NEW YORK (AP) - Will the list include a musical set in a funeral home of all places? Or one set in Paris? Is there room for a brand-new show that makes William Shakespeare look like Mick Jagger? Can a dark, sinister show led by an 82-year-old sneak in?
Tony Award nominations are revealed Tuesday and the top prize - best musical - has plenty of varied candidates.

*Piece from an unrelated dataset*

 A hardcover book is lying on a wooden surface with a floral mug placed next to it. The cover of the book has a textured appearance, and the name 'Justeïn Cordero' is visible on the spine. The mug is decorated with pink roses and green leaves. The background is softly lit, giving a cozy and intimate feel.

The field for best lead actress in a musical also proves to be very strong for a second year.
Top musical candidates are “Fun Home,” a show based on Alison Bechdel’s coming of age graphic novel; “Something Rotten!” a big, bawdy show about the birth of the first musical; a dance-heavy stage adaptation of the 1951 musical film “An American in Paris”; and the Chita Rivera-led “The Visit.”
One of the most buzzed-about shows this season - “Hamilton,” Lin-Manuel Miranda’s musical about founding father Alexander Hamilton - will not get a nod since it is running off-Broadway; it transfers later this summer.
The nominations will be announced from The Paramount Hotel in a televised event co-hosted by Tony winner Mary-Louise Parker and Bruce Willis, who will make his Broadway debut in the upcoming “Misery.”
There were about 40 nominators this year, selecting candidates for 24 competitive categories of Tony Awards, which will be handed out at Radio City Music Hall on June 7.
Some 870 Tony voters - members of professional groups such as the American Theatre Wing, The Broadway League, Actors’ Equity Association, the Dramatists Guild and the Stage Directors and Choreographers Society - will decide the final awards. Only Broadway shows that opened in the 12 months ending on April 23 are eligible.
Other top musicals hoping to secure one of the four slots include the flashy “Finding Neverland” and the sweet “It Shoulda Been You.” More distant possibilities are “Doctor Zhivago,” which was roasted by critics, and the already-closed “Honeymoon in Vegas,” ”The Last Ship” and “Holler If Ya Hear Me.”
The best new play category will include the candidates “Wolf Hall, Parts One & Two,” ”Airline Highway,” ”The River,” ”Hand to God,” ”Disgraced,” ”The Curious Incident of the Dog in the Night-Time,” ”The Audience” and “Constellations.”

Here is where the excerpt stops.